Trata-se de uma abordagem mais contextualizada, na medida em que respeita direitos humanos e considera a diversidade.
Um exemplo de Redução de Danos do álcool entre jovens são ações em baladas que facilitam acesso a transporte no sentido de evitar que uma pessoa embriaga dirija, ou seja, tem o foco na redução dos acidentes assumindo que o consumo de álcool ocorre e é aceito pela sociedade.
VM – No Brasil, quais as opções de tratamento para os usuários de drogas?
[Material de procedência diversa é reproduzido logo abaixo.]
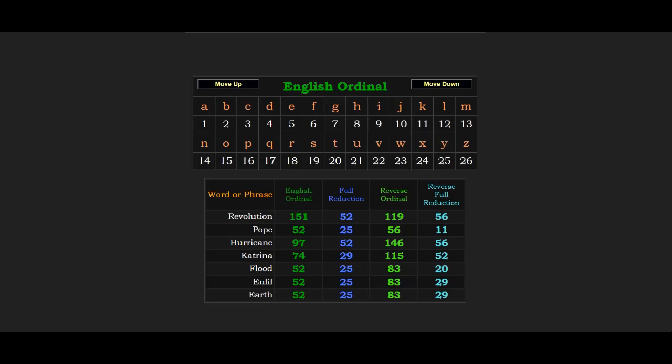Don't forget the calendar is named after a pope, Pope Gregory. Pope equals 52, and the calendar is 52 weeks long. Revolution equals 52.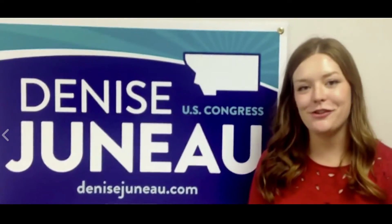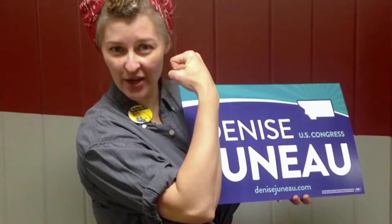I'm voting for Denise Juno. I am voting for Denise Juno. Denise has my vote. We can do it.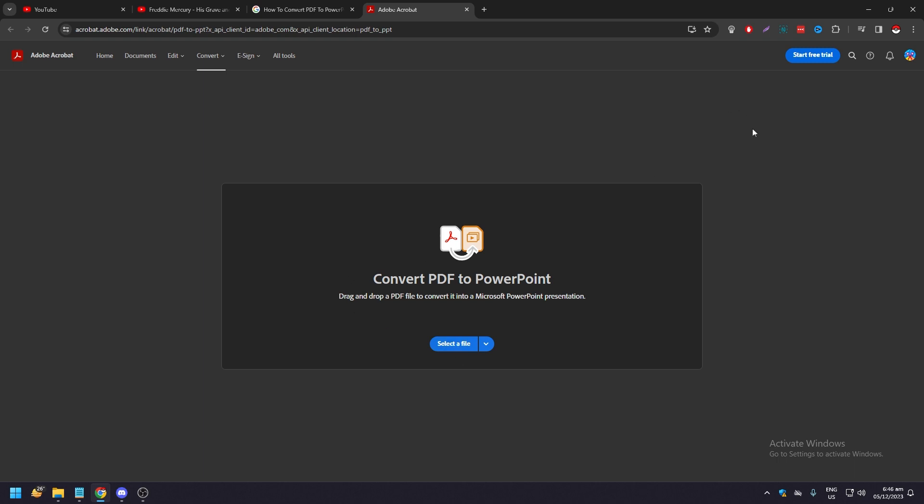If you don't, you can just go here to the Adobe website, Adobe Acrobat website, and just select a file. They'll convert a PDF to a PowerPoint. Drag and drop a PDF, convert into Microsoft PowerPoint presentation.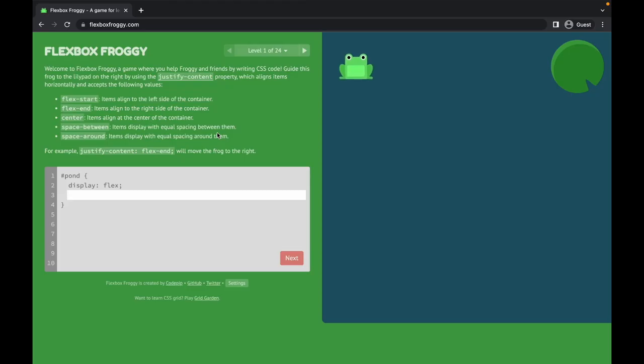Everyone knows how to use flexbox, but still in some cases we might be confused about which properties to use and why. So let's play this game to understand flexbox in a better manner. This game is all about helping a froggy and his friends to place them on a lily pad. On the left side we'll write the code, and on the right side the frogs will be placed in the lily pad. The gray area you see on the right is basically the container — you can think of it as a pond.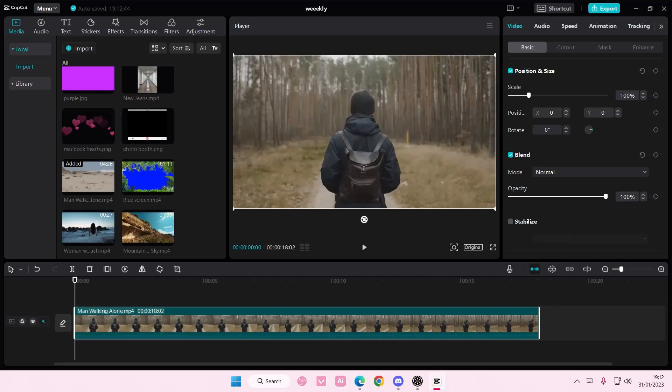Hey guys and welcome back to this channel. In this video I'll be showing you guys how you can kind of zoom in into like a face or like a subject on CapCut PC.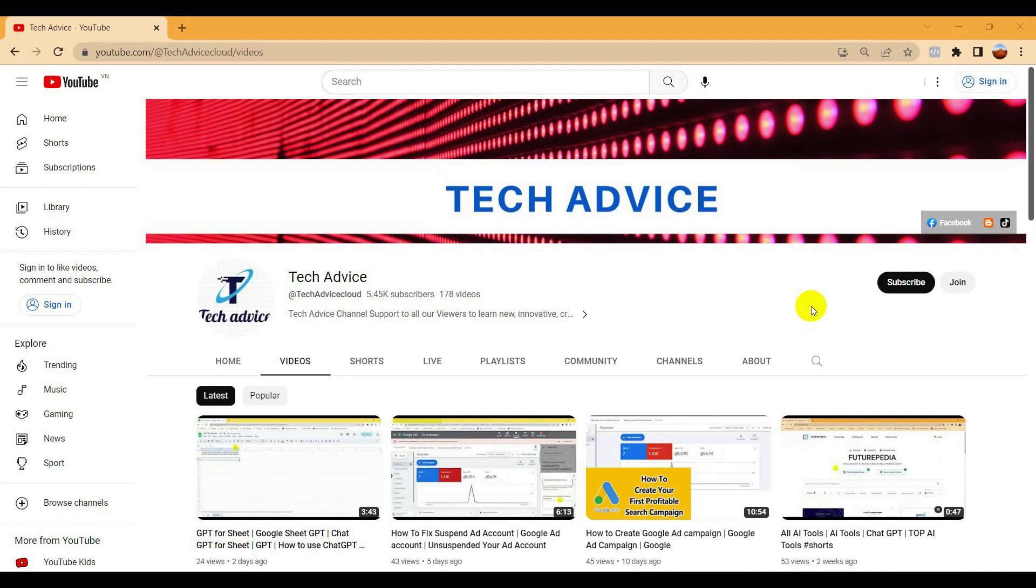Hello friends, welcome to Tech Advice channel. Today in this video I'm going to show you how you can edit your video online without any software to install in your PC. Sometimes as a content editor we have to edit the video and for that basically we need a computer or PC where we have to install the software.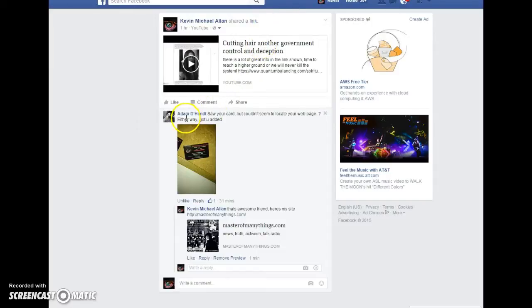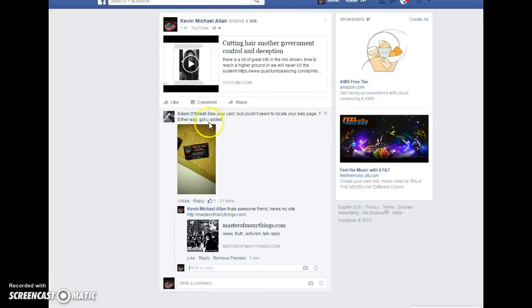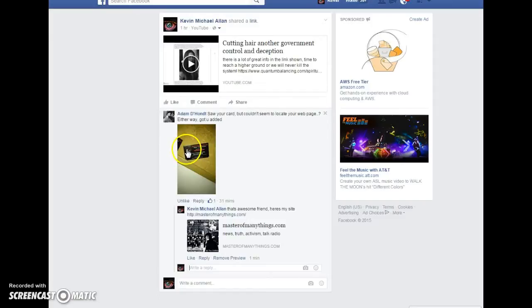and this young man saw your card but couldn't seem to locate your webpage. Either way, you got added, so he typed it in wrong. But these cards are at the local laundromat.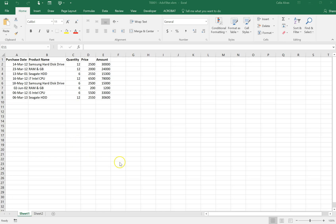Hello everyone, thank you for watching this video. Today I'm presenting a way of filtering a database using the Advanced Filter feature. This example was presented by Mr. Dinesh Takyar in his YouTube channel. I made a comment that we could do the same thing using another tool, and Mr. Takyar invited me to share that idea with the community. This is just another way of achieving the same results using a different tool.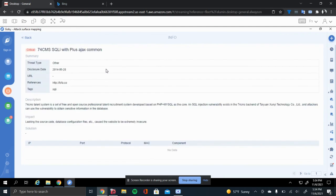The amount of fixing here is how this vulnerability can be fixed. And this is right here. As you can see, the 74 CMS SQL with Ajax Common. It will give you a description and impact. And if there is a solution, it will give you the solution to it.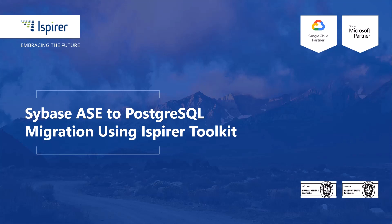Hi everyone. Today I'd like to walk through a quick, simple migration from Sybase Adaptive Server Enterprise to PostgreSQL database using iSpire Toolkit.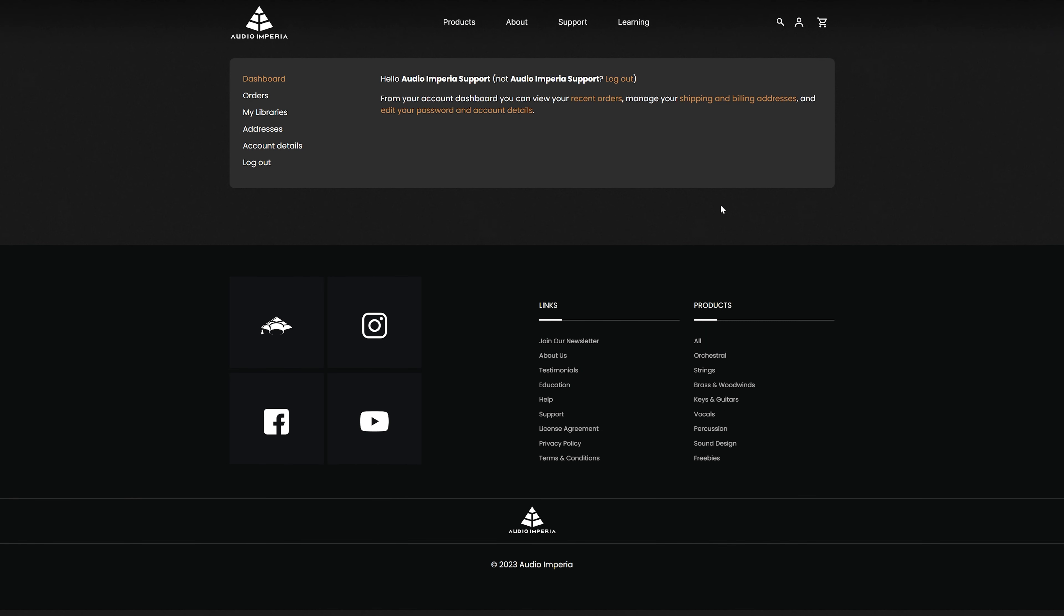Once inside, you'll be greeted by the dashboard where there's a range of options to choose from. If you had an account on our previous site, all that information will have been ported over to our new website, so your details and account information should be present and located inside the account details section found here.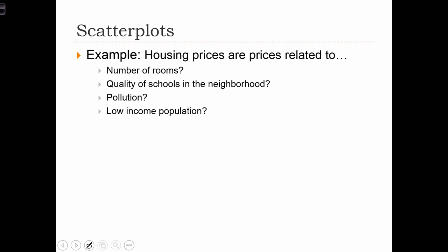Let's look at an example using housing prices. Economic theory tells us that housing prices are related to the size of the house, the number of rooms in the house, the quality of the schools in the neighborhood, whether or not there's an air quality issue in the neighborhood, and whether or not it's a wealthy neighborhood or a poor neighborhood. These are all things that would affect house prices.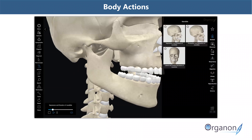I would have liked to show you the amazing heart body action too, but we're coming out with a new one soon — I'm saving that for a surprise at a later date.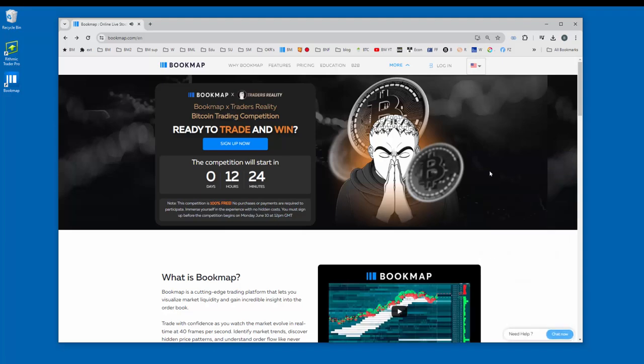Let's go through how to register and connect for the bookmap.com Trader's Reality crypto competition.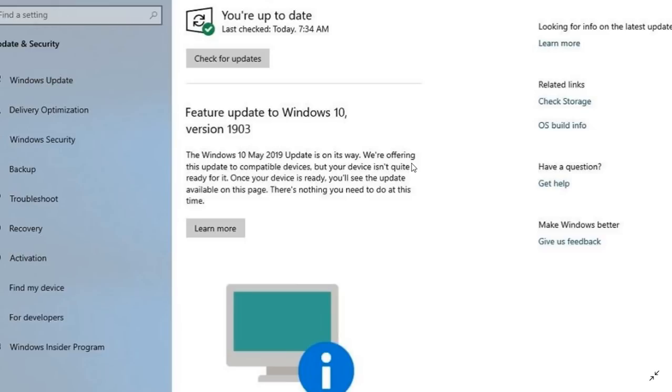There's nothing wrong. As long as you're getting the monthly security updates, that's important. You don't see the monthly security updates, that's wrong. You don't see a feature update like version 1903, there's nothing wrong.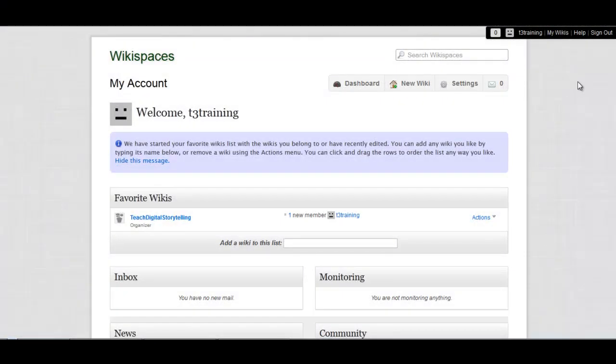Welcome to getting started with Wikispaces. I'm going to assume that you already have an account and are logged in. If not, please pause the video and do that now. Make sure to sign up as a teacher so you have access to the features that are available free for teachers.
ARN – Existem inúmeras opções de tratamento no Brasil, mas o acesso não é igualmente distribuído no país. As maiores cidades contam com CAPS-AD (Centros de Atenção Psicossocial especializado em álcool e outras drogas) que são serviços públicos ambulatoriais com equipe multidisciplinar para atender demandas de cuidados médicos, psicológicos e sociais. Para casos mais graves, o sistema público disponibiliza internação. Vale lembrar que a internação é considerada exceção, pois o ideal é que o paciente aprenda lidar com situações de risco do dia a dia, sendo esperado que atravesse esse período de aprendizado com episódios de recaídas. Ainda vale o destaque para a ampla disponibilidade de grupos de ajuda mútua, como os Alcoólicos Anônimos e Narcóticos Anônimos. Os resultados desses grupos são similares aos de tratamentos muito sofisticados, com a vantagem de estarem presentes em cidades pequenas e distantes dos grandes centros. Dentro dessa grande gama de opções, o mais importante é saber que tratamentos caros e sofisticados não apresentam efetividade maior do que os ofertados pelo sistema público. A diferença está em contextualizar o tratamento às demandas da pessoa, tendo em mente três eixos: médico, psicológico e social.